# [Task instructions]
From the first line of the entries down to the line with "St Catherine church", write out every line exactly; that last line counts, but pictures do not.

Stored items

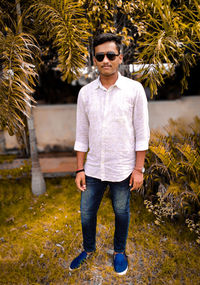 Young man wearing sunglasses standing against plants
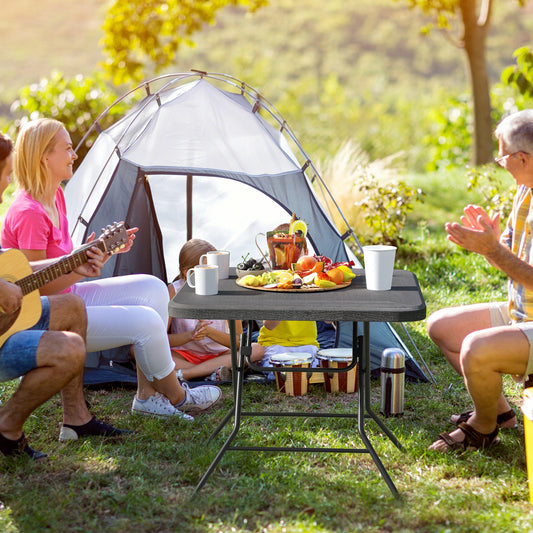 2.6FT Foldable Dining Table with Wood Grain HDPE Tabletop and Non-slip Foot Pads, Black Patio Dining Tables Black at Gallery Canada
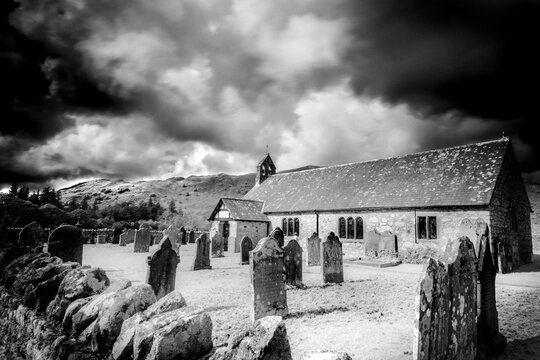 St Catherine church with fells and dramatic sky in background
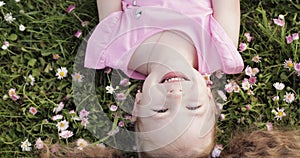 Close-up smiling little cute baby girl lying on green grass holding flowers looking at camera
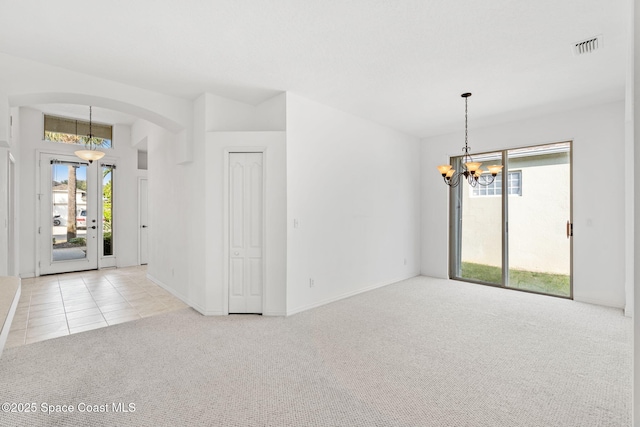 empty room with light carpet and a chandelier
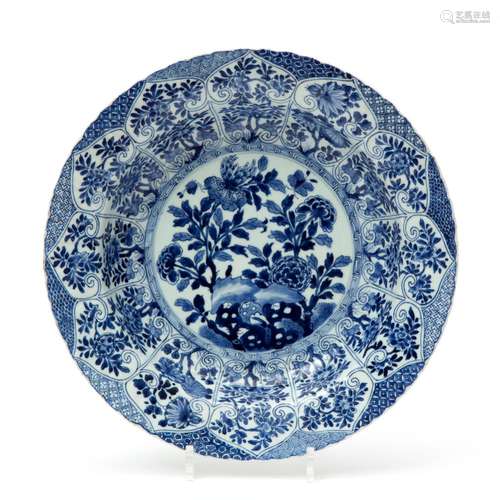 A large blue & white charger plate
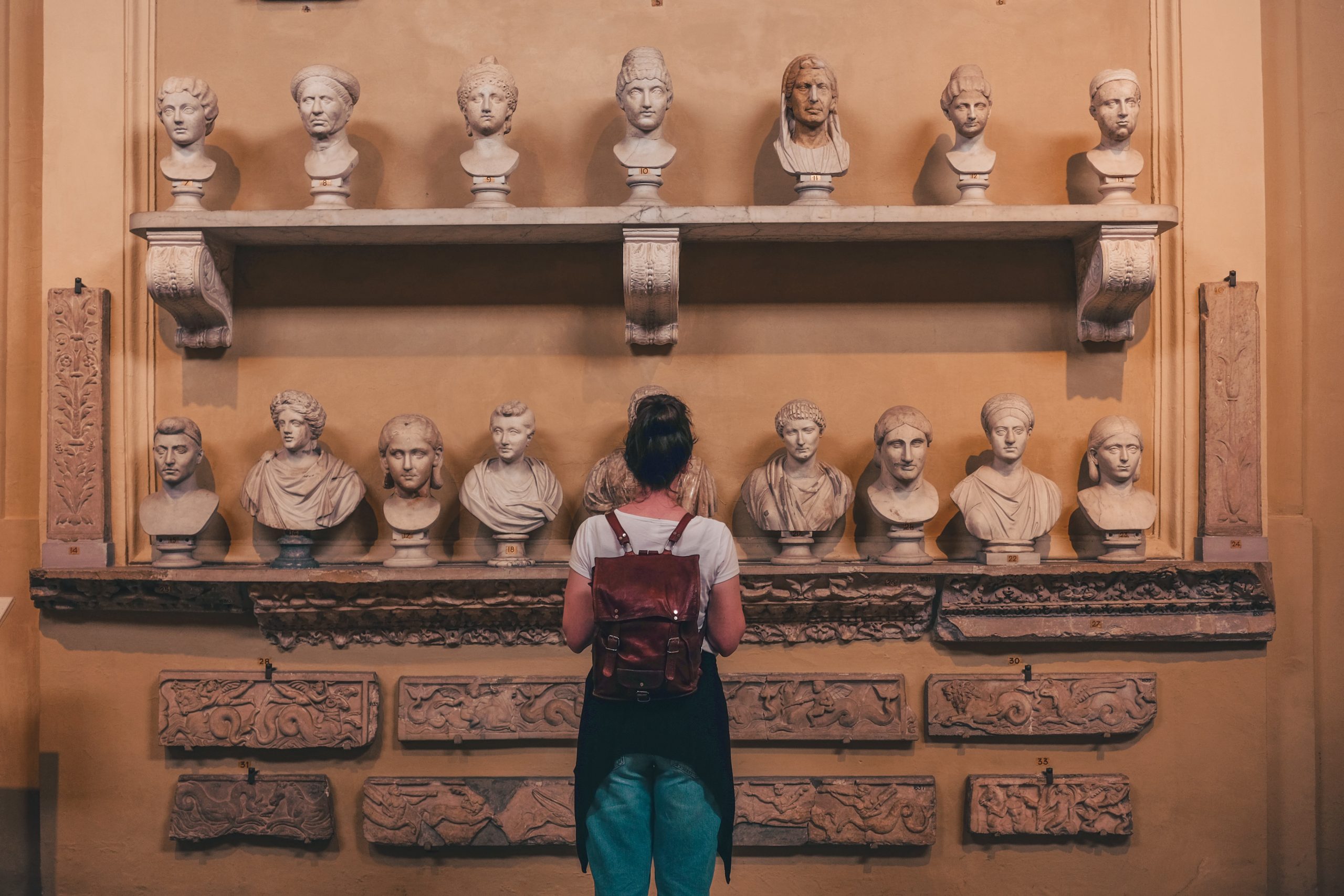 Fotografia di una ragazza di spalle di fronte a dei busti marmorei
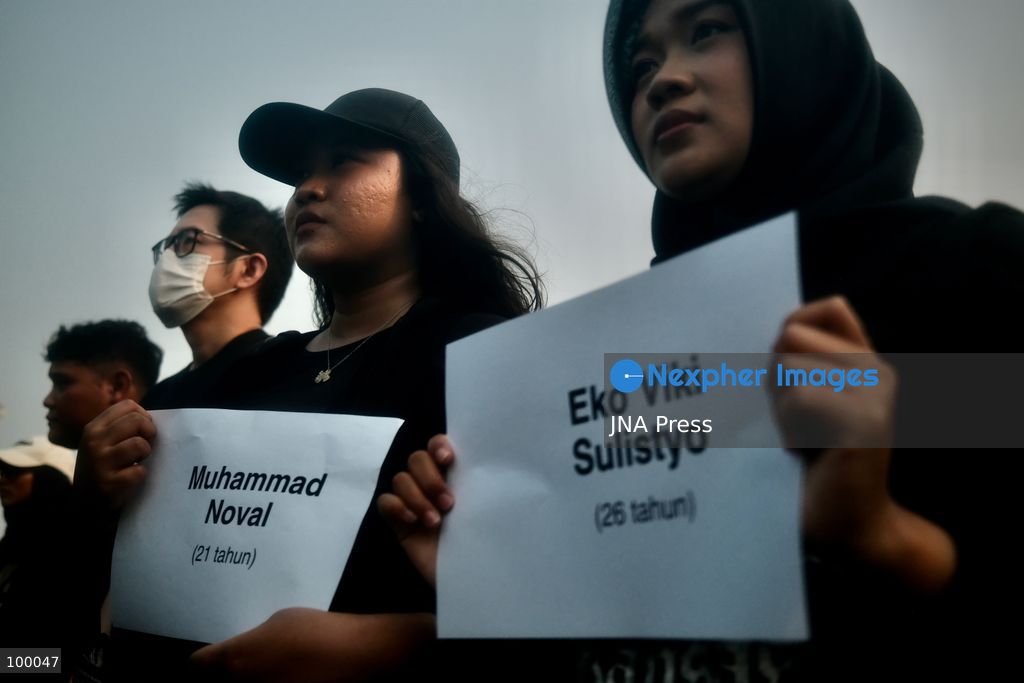 JAKARTA, INDONESIA, OCTOBER 1, 2026: Human rights activists participate in the 927th "Kamisan" (Thursday) protest outside the Merdeka Palace in Jakarta, marking the fourth anniversary of the Kanjuruhan tragedy. The disaster occurred on October 1, 2022, during an Indonesian Liga 1 football match between Arema FC and Persebaya Surabaya at Kanjuruhan Stadium in Malang, East Java. Indonesia's National Commission on Human Rights (Komnas HAM) identified the firing of tear gas by police as the main trigger of the disaster, which resulted in the deaths of 135 people as spectators attempted to escape the stadium. The annual Kamisan protest calls for justice, accountability and the rights of victims and their families. Photo by Edsah Setiawan / JNA Press (Photo by Edsah Setiawan/JNA Press via Nexpher Images)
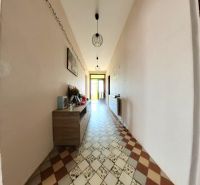 A hallway of a family house with a tiled floor, a chest of drawers, and ceiling lamps.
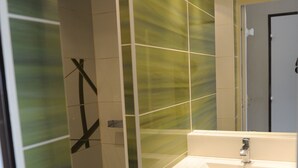 A modern bathroom with a glass shower enclosure, a wooden vanity with a sink, and a mirror above the vanity.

# [Exercise output]
 Young man wearing sunglasses standing against plants
 2.6FT Foldable Dining Table with Wood Grain HDPE Tabletop and Non-slip Foot Pads, Black Patio Dining Tables Black at Gallery Canada
 St Catherine church with fells and dramatic sky in background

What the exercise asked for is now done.